* **WHAT NEEDS TO BE DONE**
Transcribe only the part of the material below that begins at the line containing "Here I have" and ends at the line containing "Then come mini", with both kept and images left out.

* **GIVEN RECORDS**
────

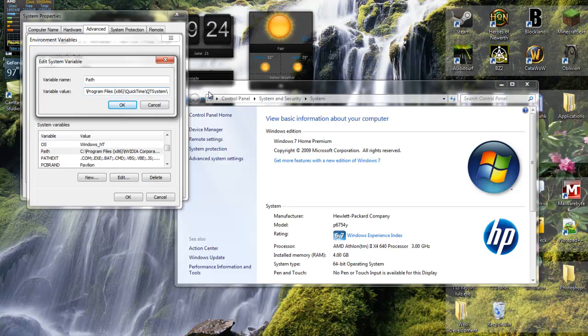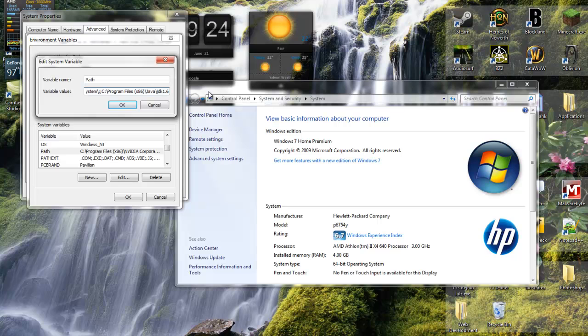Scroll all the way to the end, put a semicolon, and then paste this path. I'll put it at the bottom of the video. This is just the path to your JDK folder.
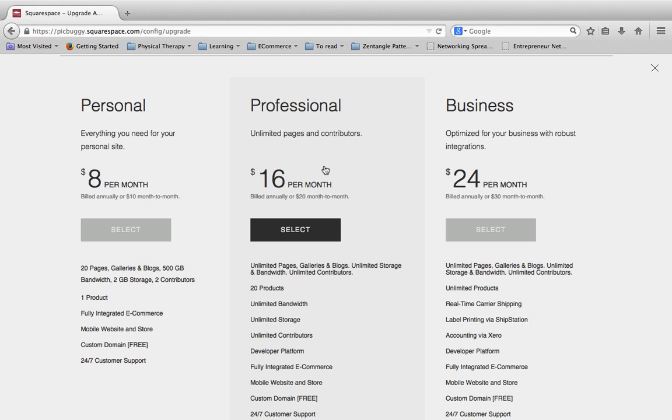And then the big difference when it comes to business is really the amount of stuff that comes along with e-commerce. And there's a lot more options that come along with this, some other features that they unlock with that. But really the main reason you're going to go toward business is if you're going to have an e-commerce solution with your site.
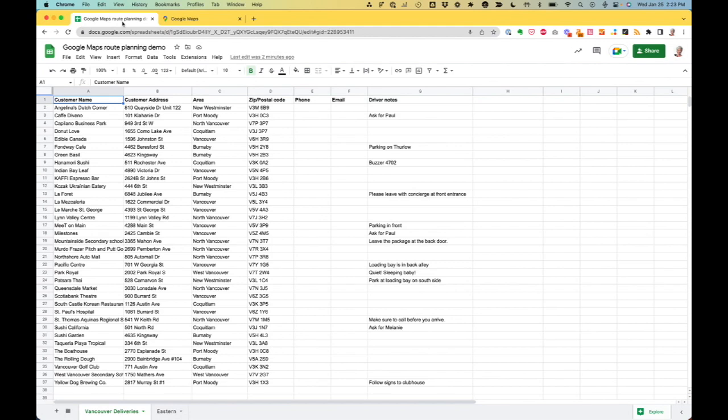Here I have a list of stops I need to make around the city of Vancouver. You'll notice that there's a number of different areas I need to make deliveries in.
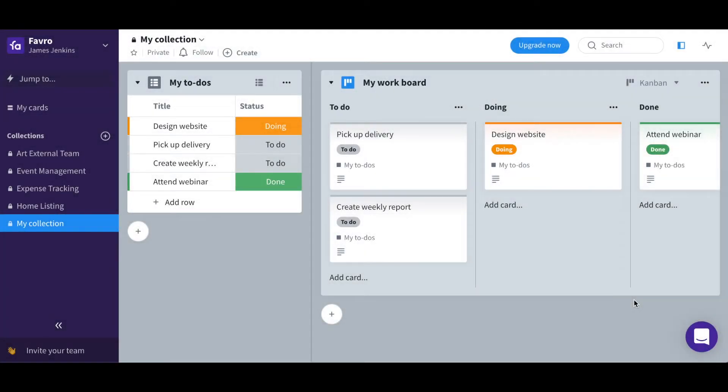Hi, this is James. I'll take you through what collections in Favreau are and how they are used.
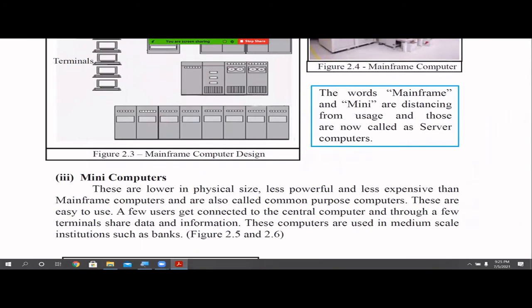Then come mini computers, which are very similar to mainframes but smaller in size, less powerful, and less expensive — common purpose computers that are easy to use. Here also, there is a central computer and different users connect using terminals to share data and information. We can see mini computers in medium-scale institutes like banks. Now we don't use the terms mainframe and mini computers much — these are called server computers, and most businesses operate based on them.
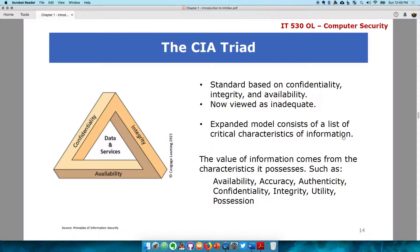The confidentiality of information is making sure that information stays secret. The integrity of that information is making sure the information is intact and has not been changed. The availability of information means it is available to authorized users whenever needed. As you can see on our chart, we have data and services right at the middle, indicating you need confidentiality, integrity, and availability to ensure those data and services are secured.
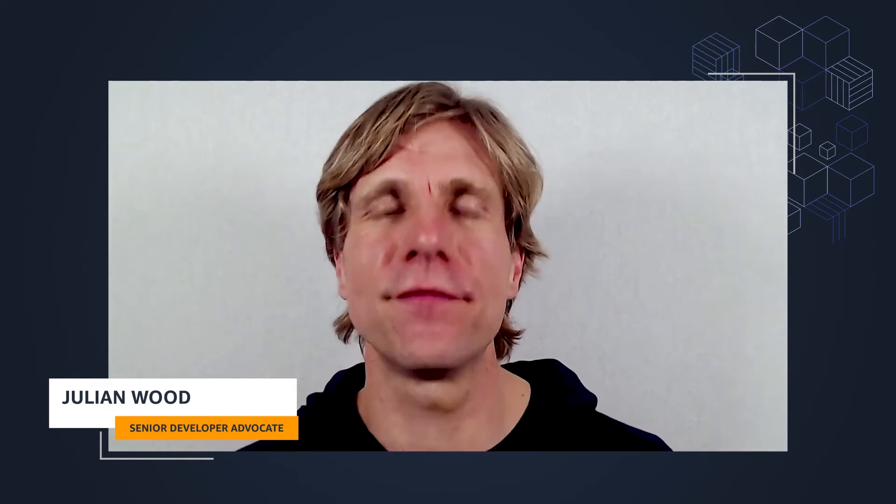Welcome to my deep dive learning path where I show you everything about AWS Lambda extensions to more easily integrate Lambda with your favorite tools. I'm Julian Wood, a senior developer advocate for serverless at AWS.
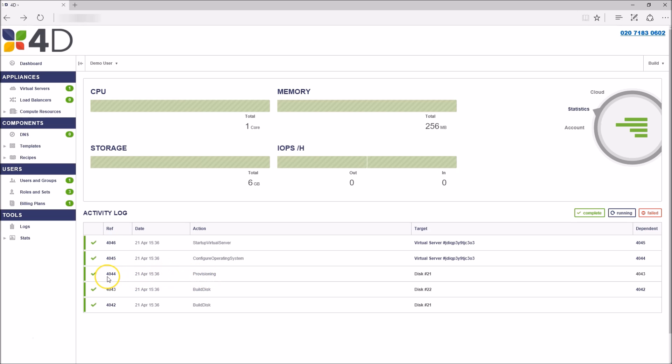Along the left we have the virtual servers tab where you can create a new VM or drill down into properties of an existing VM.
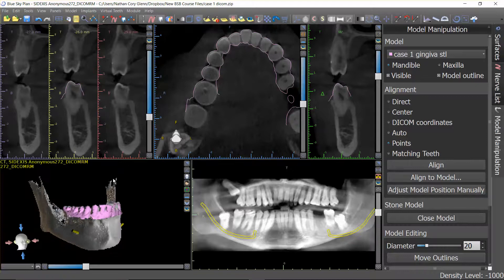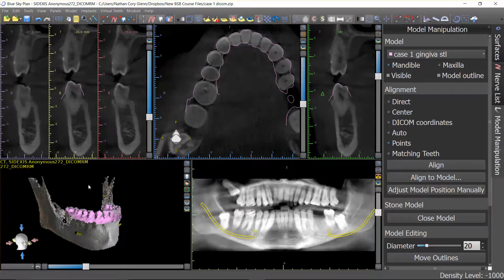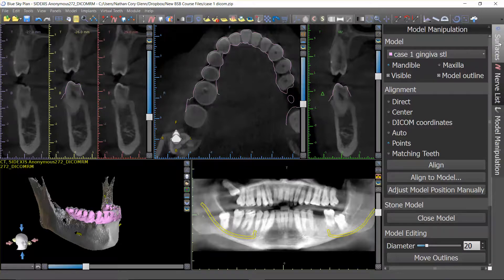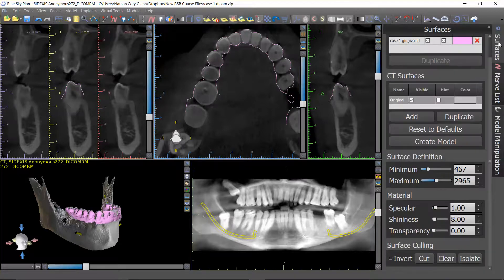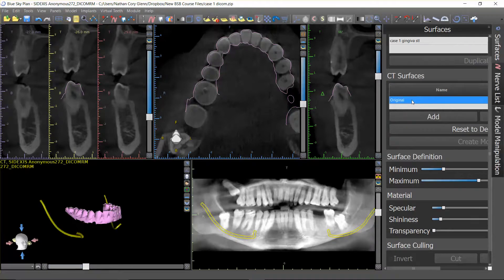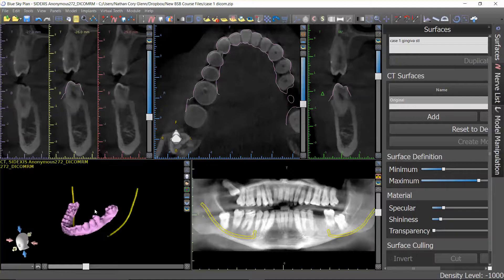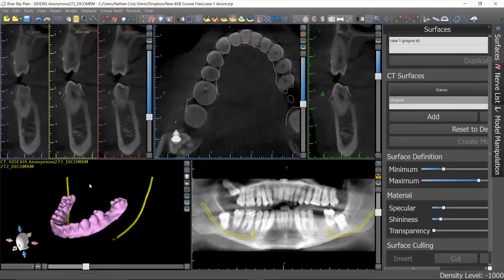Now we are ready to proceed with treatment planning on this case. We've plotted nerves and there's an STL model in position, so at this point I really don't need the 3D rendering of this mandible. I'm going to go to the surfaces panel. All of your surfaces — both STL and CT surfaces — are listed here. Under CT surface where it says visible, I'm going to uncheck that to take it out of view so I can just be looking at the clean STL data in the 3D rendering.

────

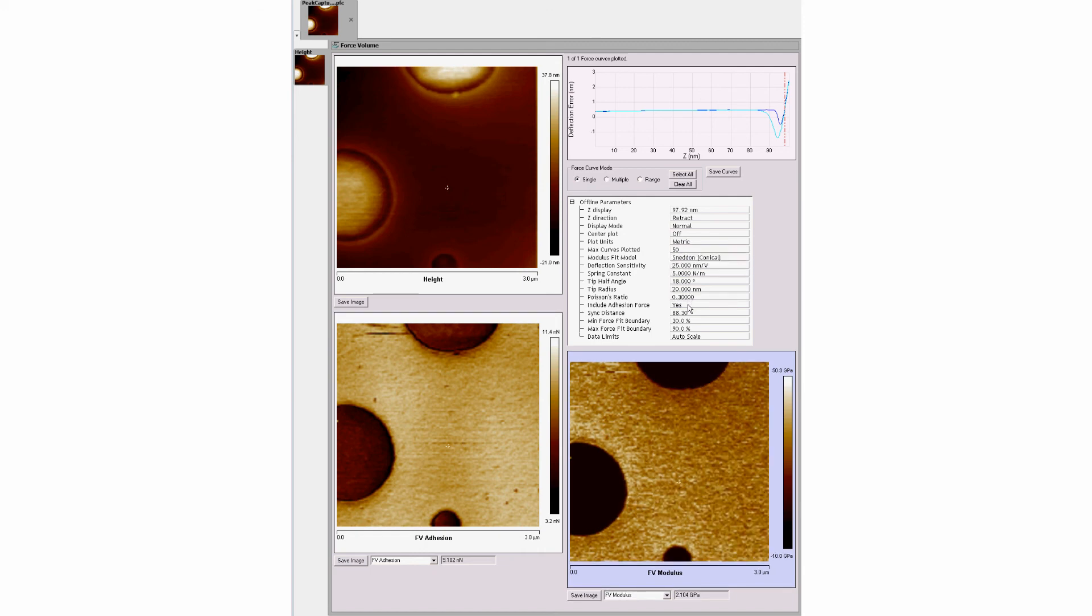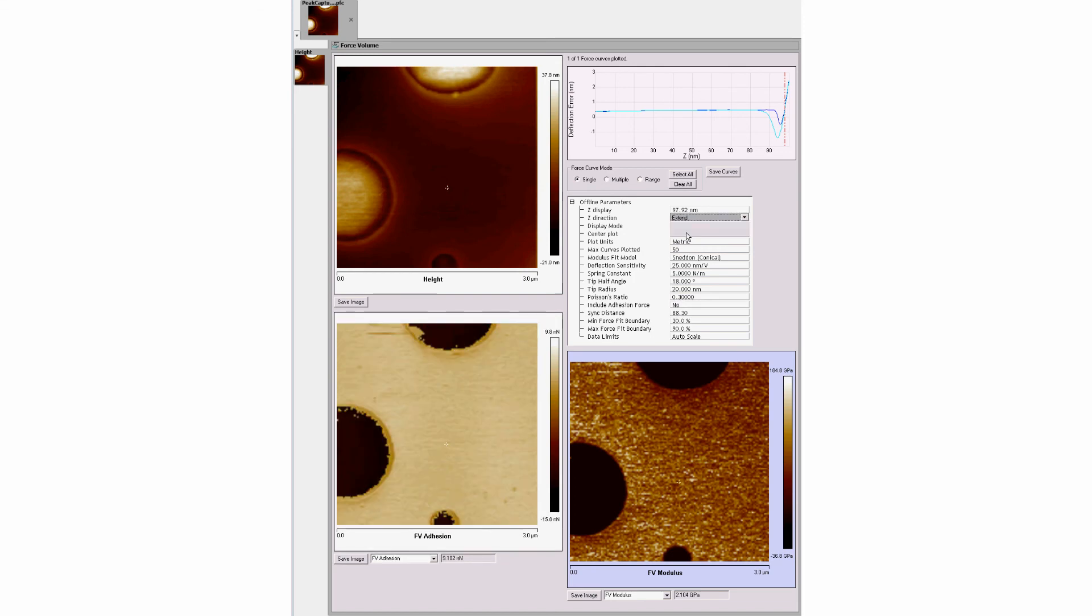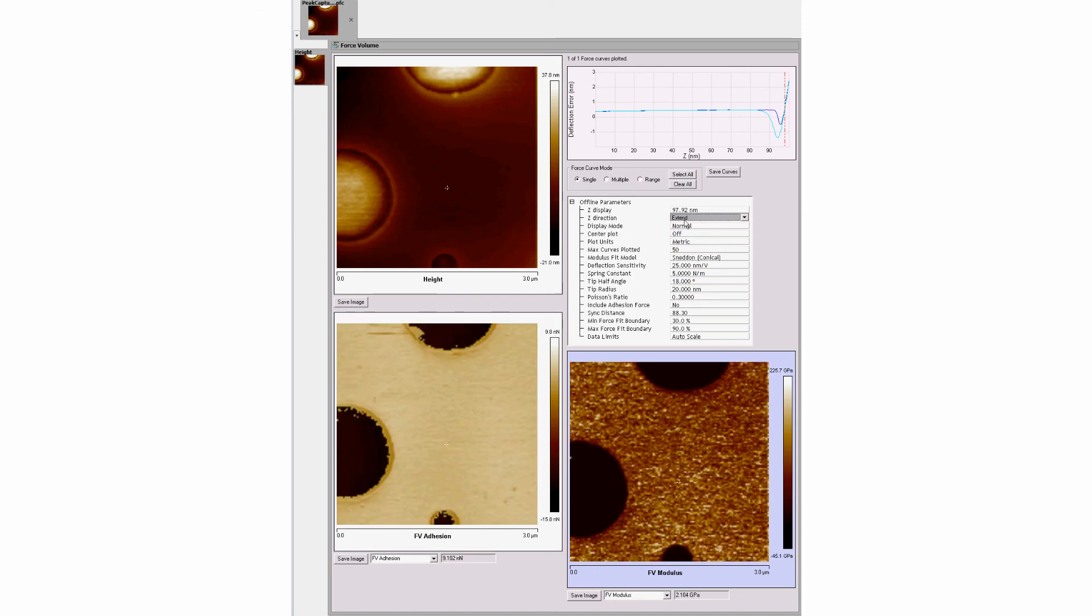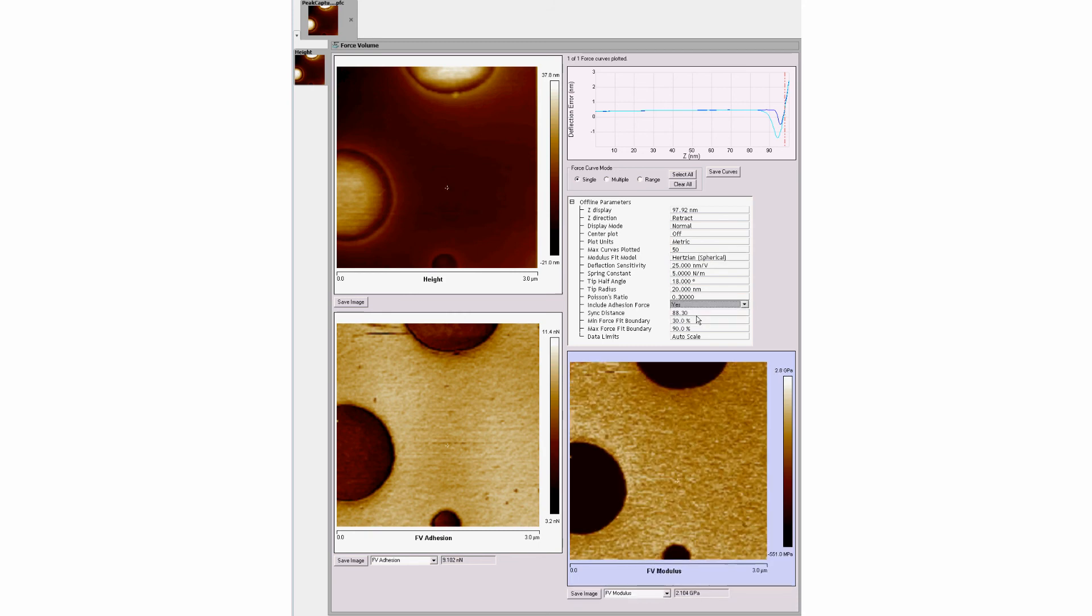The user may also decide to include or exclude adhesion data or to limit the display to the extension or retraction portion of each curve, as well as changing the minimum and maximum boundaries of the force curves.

────

* **TASK ANSWER**
Here I have a list of stops I need to make around the city of Vancouver. You'll notice that there's a number of different areas I need to make deliveries in.
Hi, this is James. I'll take you through what collections in Favreau are and how they are used.
Then come mini computers, which are very similar to mainframes but smaller in size, less powerful, and less expensive — common purpose computers that are easy to use. Here also, there is a central computer and different users connect using terminals to share data and information. We can see mini computers in medium-scale institutes like banks. Now we don't use the terms mainframe and mini computers much — these are called server computers, and most businesses operate based on them.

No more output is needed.